▶ [Task]: Nothing but the pictures should be dropped; repeat the rest of the data below exactly.

▶ [Raw data]:
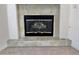 Cozy fireplace with tiled surround and hearth in a carpeted living room at 10680 Sapphire Vista Ave, Las Vegas, NV 89144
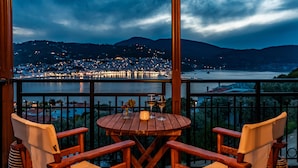 A wooden table with two chairs on a balcony overlooking a cityscape at night. - Evlalia Studios & Villas (Skopelos)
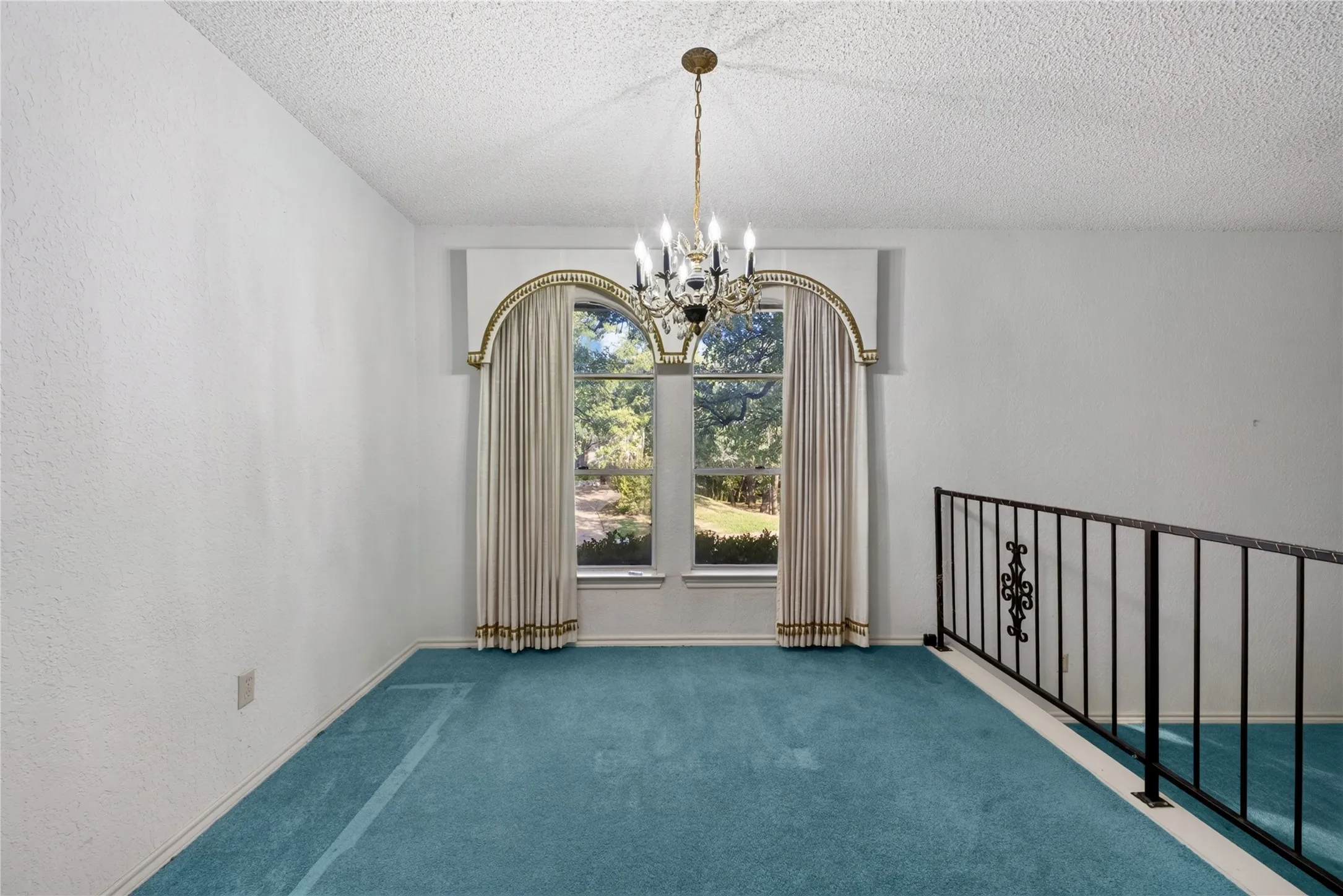 Dining room with arched window and wrought-iron railing overlooking the family room.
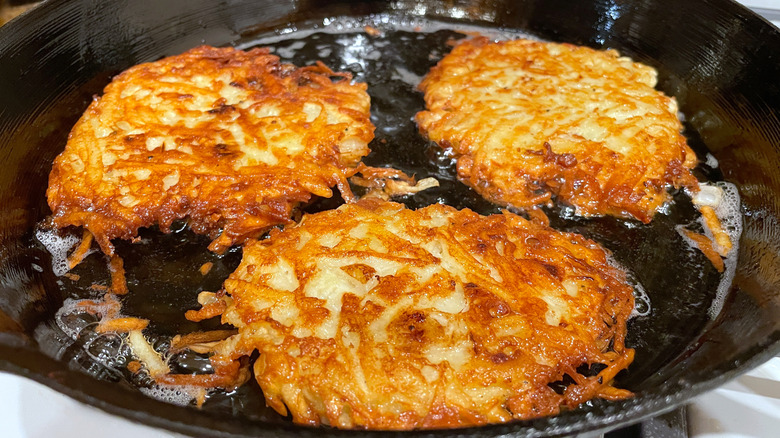 hash browns cooking in a frying pan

▶ [Response]:
 Cozy fireplace with tiled surround and hearth in a carpeted living room at 10680 Sapphire Vista Ave, Las Vegas, NV 89144
 A wooden table with two chairs on a balcony overlooking a cityscape at night. - Evlalia Studios & Villas (Skopelos)
 Dining room with arched window and wrought-iron railing overlooking the family room.
 hash browns cooking in a frying pan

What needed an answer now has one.